Nantilah bila baru sampai kepada orang per orang dalam hal ini para pejabat yang menerima dana tersebut, sering terseliplah niat buruk untuk menyalahgunakan. Pertanyaannya sekarang apakah karena orang tersebut, maka niat baik kita untuk membiayai pendidikan, membiayai keamanan dan ketertiban, membiayai jalan dan jembatan, memberantas korupsi dan narkotika juga harus terhenti, apa kita harus ikut-ikutan berniat buruk?
Jawabannya adalah dengan menegakkan hukum terhadap para koruptor, bukan dengan keraguan membayar pajak. Tuhan sudah memilihkan hukuman yang tepat kepada para koruptor dengan hukuman “potong” tangan. Mungkin maksudnya hanya dengan itulah para koruptor baru bisa merasakan pahitnya arti “dipotong”. Sama seperti yang dirasakan oleh masyarakat yang sudah susah payah mendapatkan uang dan “dipotong” pajak tapi ternyata dikorupsi atau masyarakat/negara yang harusnya mendapatkan hak-hak atas penyaluran dana pajak tapi ternyata “dipotong” dan dikorupsi oleh para koruptor.

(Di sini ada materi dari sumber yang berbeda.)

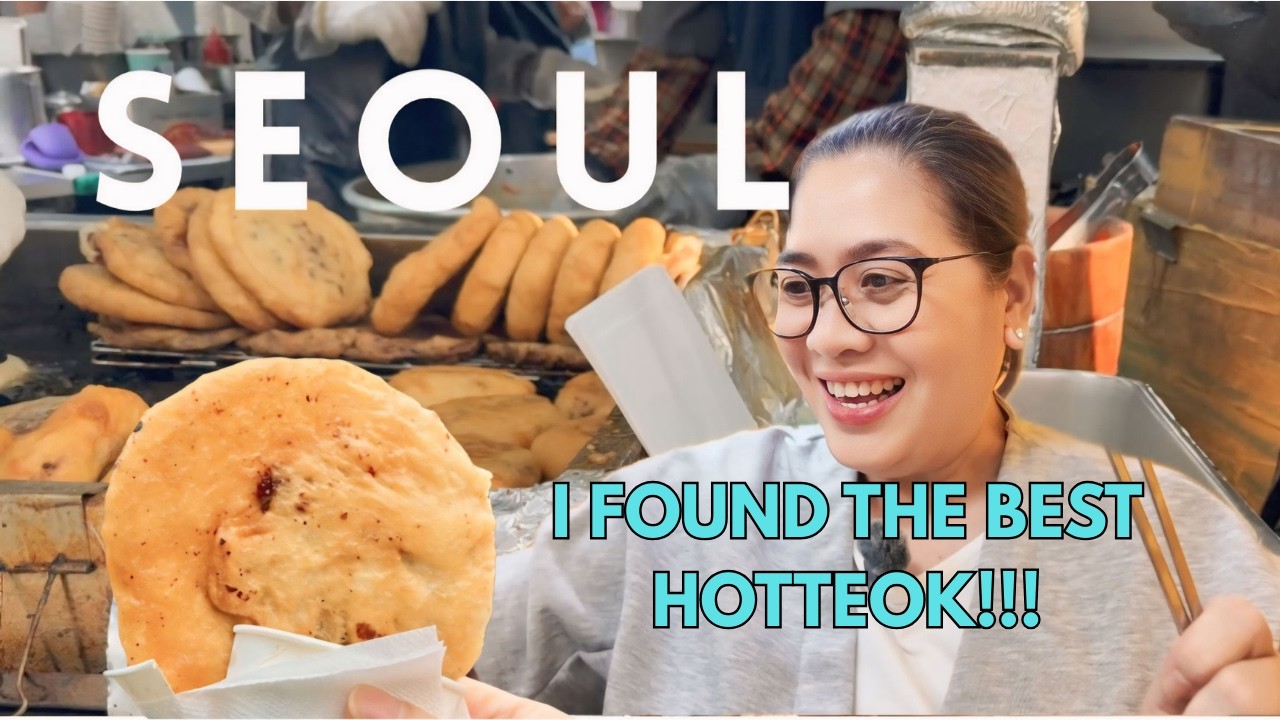 Seoul Travel Vlog | ibis Myeongdong Hotel Tour & Best Hotteok at Namdaemun Market | January Days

Sepertinya memang sudah tidak mempan lagi bagi para koruptor dengan hukum buatan manusia yang hukumannya adalah “potong” masa tahanan.
Jurnalis
Hmmmm…jadi keraguan membayar pajak bukan solusi menurut Bapak ya, tapi mengapa kita tetap membayar biaya-biaya untuk pelayanan publik padahal kita sudah membayar pajak Pak?